Blackdown (aka Martin Clark) asks me and a bunch of grime-covering journalists about our favorite tunes of the year.
Here's what I supplied (not sure why some US rap tunes have slipped into my selection):
Kano Featuring D Double E & Demon, "Reload It"
Lethal Bizzle "Against All Oddz"
Kano "Sometimes"
Bruza "Not Convinced"
Three 6-Mafia "Stay Fly"
Vex'd “Degenerate” (Planet Mu)
Skream "Midnight Request Line"
Doctor, Bearman, L Man and Purple "Let It Go" From Eye Of The Tiger Vol 1
Virus Syndicate "Major List MCs" From The Work Related Illness
Roll Deep "Shake A Leg" and "When I'm Ere"
Lowdeep "Str8 Flush"
Crazy Titch "Sing Along"
SLK "Hype! Hype!" (DJ Wonder refix)
Lady Sovereign "Tango" from Bitchin EP
Ying Yang Twins "Pull My Hair" and "Wait (The Whisper Song)"
Kano "Remember Me"
Wiley "Morgue"
Kanye West - "Addicted," "Crack Music", "Diamonds From Sierra Leone" (From Late Registration)

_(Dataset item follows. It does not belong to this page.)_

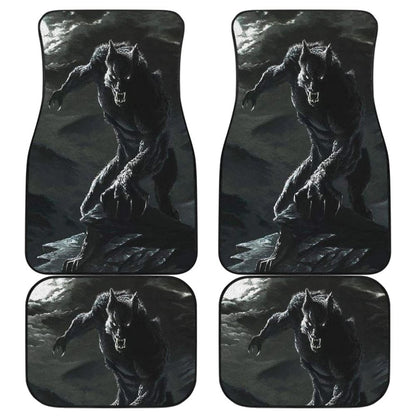 Werewolf Car Floor Mats Amazing Best Gift Ideas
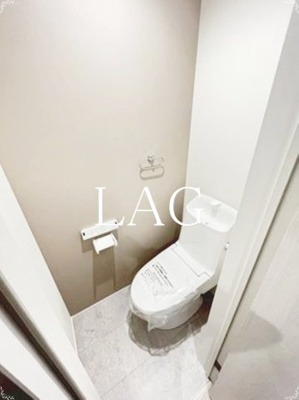 【トイレ】 | Mercury船橋 | トイレです。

I also slung Martin this little appreciation of "Reload It" (strangely not admired by others in the grime punditocracy, don't know why) which I had penned for Grime Primer I did for the Wire earlier that year (aka the 7th essay in the Hardcore Continuum series)
Kano Featuring D Double E & Demon, "Reload It"
“Circling back to "Bound 4 The Reload" (arguably the first grime track, no seriously, think about it: electro-bass plus MCing) this track celebrates the pirate and rave tradition of the DJ rewind, when the crowd hollers (or home-listening audience text-messages) its demand for the selector to wheel and come again.”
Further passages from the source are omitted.